Location
- Chamberlain Road Birmingham, West Midlands, B13 0QP England
- Coordinates: 52°25′25″N 1°52′47″W﻿ / ﻿52.4237°N 1.8798°W

Information
- Type: Community school
- Local authority: Birmingham
- Department for Education URN: 103486 Tables
- Ofsted: Reports
- Head teacher: Marie Orton
- Gender: Mixed
- Age: 11 to 16
- Enrolment: 792 as of September 2024^{[update]}
- Capacity: 806
- Colours: Navy Blue , Sky Blue , Gold , White
- Website: www.khss.org.uk

= Kings Heath Secondary School =

Kings Heath Secondary (formerly Kings Heath Boys) is a community school located in Kings Heath, south Birmingham, England. It has a comprehensive admissions policy, and in 2024, had an enrolment of 792 pupils ages 11–16. The current headteacher is Mrs Marie Orton.

== History ==
In May 2023, the school received a rating of "good" from Ofsted, maintaining its rating of "Good" from the previous short-inspection in 2022. The report concluded that "Pupils are happy and considerate at Kings Heath..." and "Leaders have constructed a broad and ambitious curriculum. This has inspired subject leaders to skilfully design subject curriculums."

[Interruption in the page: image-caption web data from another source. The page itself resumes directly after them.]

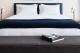 Brisbane City Centre Accommodation, Hotels and Apartments - The Johnson Brisbane - Art Series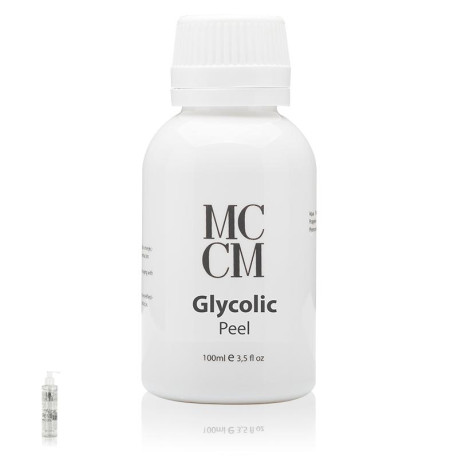 GLYCOLIC PEEL ACID 30%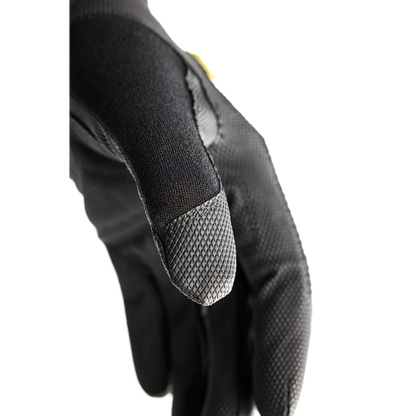 Blaklader Supreme Werkhandschoenen touch klittenband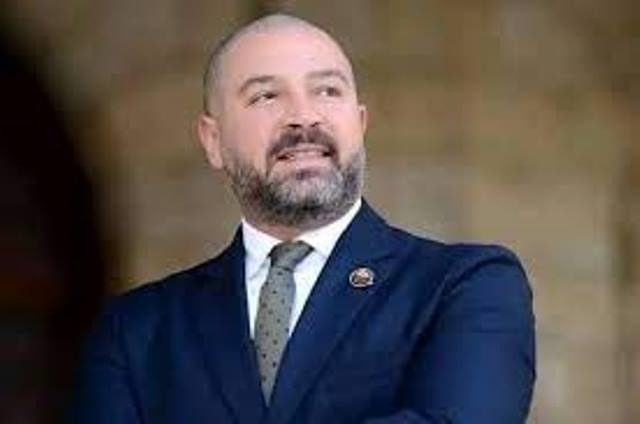 أحمد دياب يتحدث عن ملف التحكيم.. وشكل الدوري فى الموسم الجديد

In July 2023, following consultation, the school announced the decision to become a co-educational (boys and girls) school beginning in September 2024. Improvement works were completed in September 2023 to add the necessary facilities to welcome girls into the school and enhance facilities across the board.

Kings Heath Secondary is a Trauma Informed Attachment Aware School (TIAAS) and has been awarded the Silver TIAAS certification.

In 2023, the school's Arts programme was recognised with a Silver ArtsMark award.